Bloomberg reported:
Goldman Sachs Group Inc., which took $10 billion in U.S. bailout funds last year, shouldn’t get taxpayer support if the firm focuses on trading over banking, according to former Federal Reserve Chairman Paul Volcker. The “safety net” provided by the U.S. government “should not be extended beyond the core commercial-banking business,” Volcker, 82, said.Der Spiegel had Volker's direct quote:
Let's just slice them up. I don't want them to get heavily involved in capital market activities so my view is: Hedge funds, no. Equity funds, no. Proprietary trading, no. Trading in commodities, no. And that in itself would reduce the size of the big banks. So you get some reduction in size. Equally important, you make them more manageable and easier to deal with if they do get in trouble.

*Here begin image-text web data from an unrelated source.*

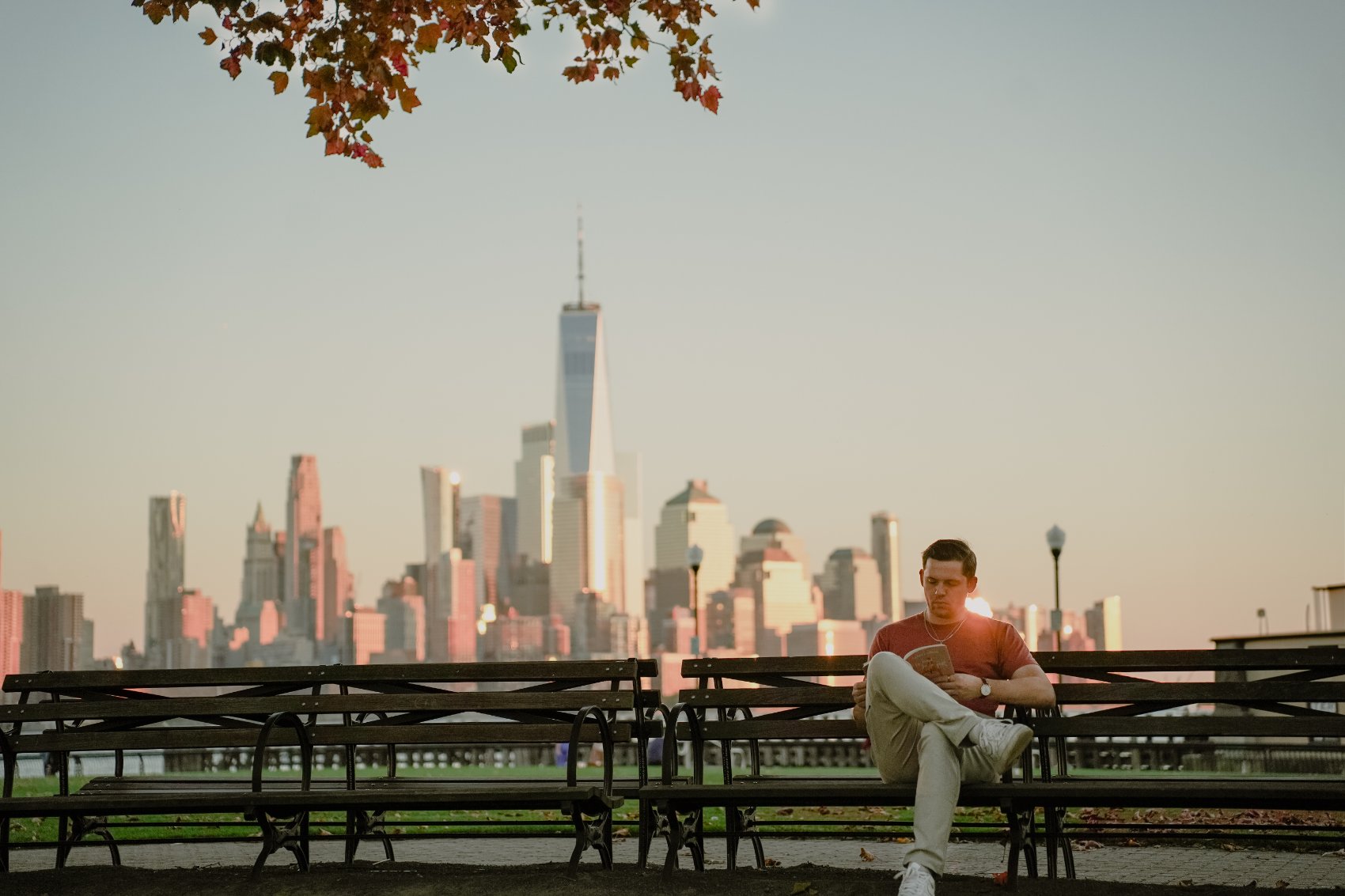 Michael reading on a park bench with the New York City skyline at sunset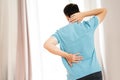 Back pain, man with backache at home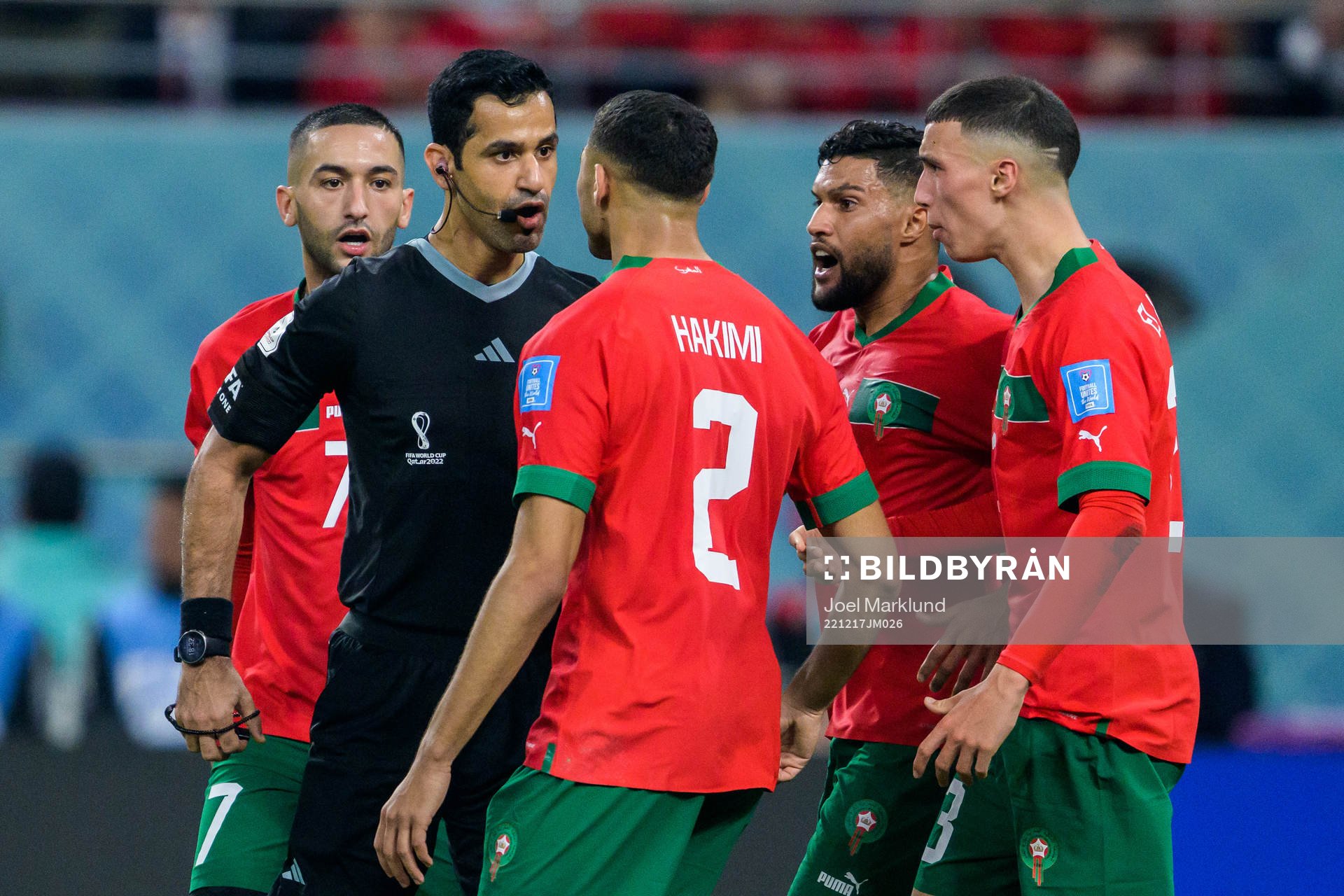 Referee Abdulrahman Al Jassim in a discussion with Achraf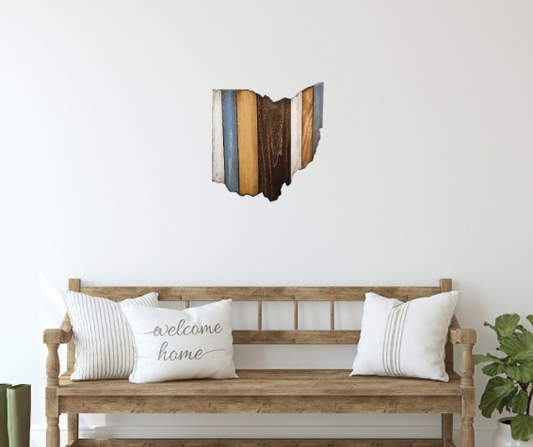 Handmade cut-out in the shape of the state of Ohio hanging over a wood bench with pillows.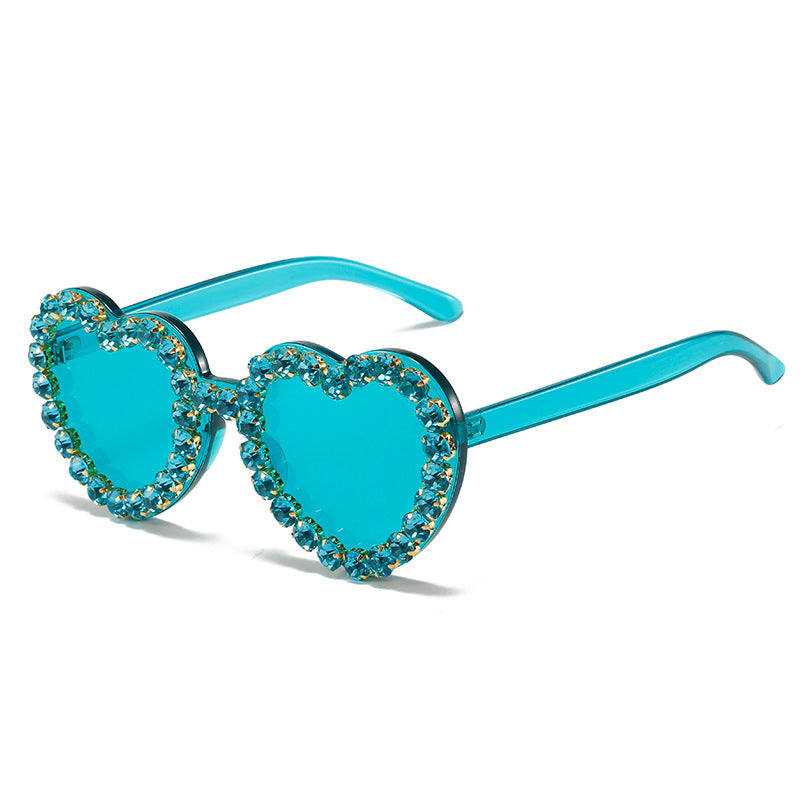 Peach heart-shaped rhinestone sunglasses with Y2K style, featuring vibrant frame and decorative rhinestones, by Plush Fashion Hub.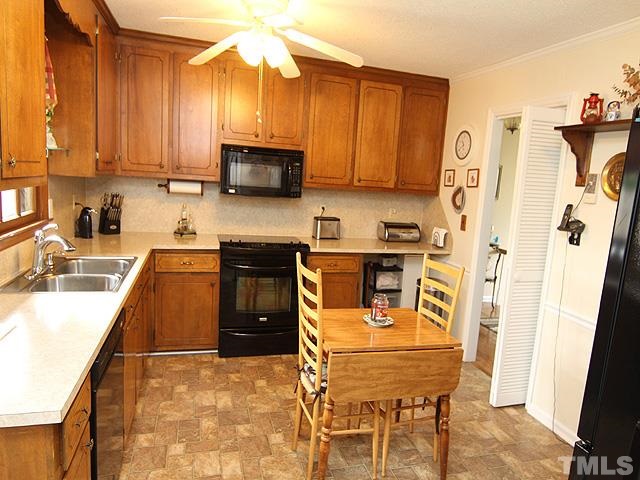 5522 Earl Road Durham, NC 27712 - Photo 6 of 13 a kitchen with stainless steel appliances granite countertop a sink a stove and refrigerator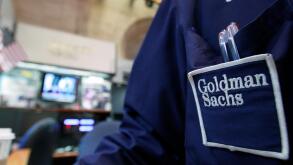 A trader works at the Goldman Sachs stall on the floor of the New York Stock Exchange, April 16, 2012.  REUTERS/Brendan McDermid/File Photo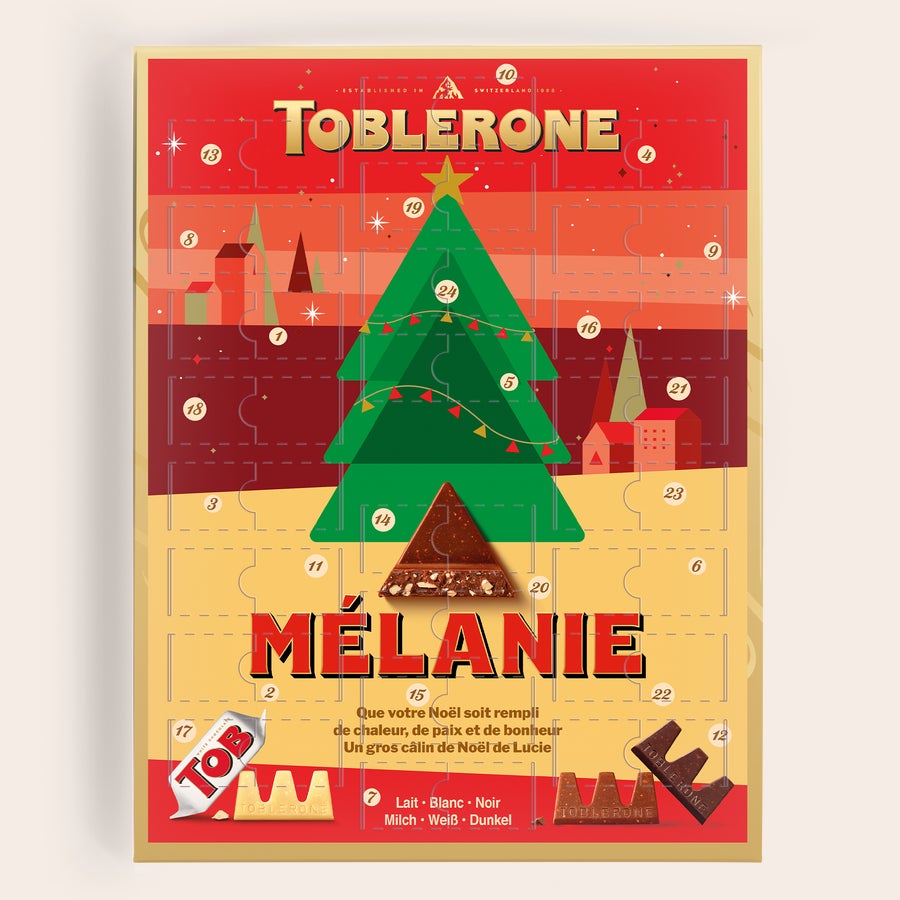Calendrier de l'avent Toblerone  2025 Calendrier de l'Avent Toblerone personnalisé avec le prénom Mélanie, un sapin de Noël et le message imprimé Que votre Noël soit rempli de chaleur.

It's more than egregious Goldman, the vampire squid. JPMorgan has five industry segments in addition to commercial banking. Two of them, investment banking and corporate/private equity provided 90% of the firm's third quarter income. High risk--high reward, soon to be backstopped by Uncle Sam.
Since January, Volcker, who was Fed chairman from 1979 to 1987, has called for regulators to provide government support only to banks that provide essential services like deposit- taking and business payments. He has suggested prohibiting them from owning or sponsoring hedge funds, private-equity funds or from engaging in proprietary trading.
JPMorgan handles billions in private equity and hedge funds. It has a significant market share in derivatives. Shadow bankers and unregulated products (akin to gambling) played a significant role in Wall Street's meltdown.
“I’m very interested in using this crisis as a way to avoid the next one,” Volcker said. “This isn’t any time to go back to business as usual.”
Sorry Paul, the more things change, the more they stay the same. Continued financial deform looms. There will be blood, the question is when and how much.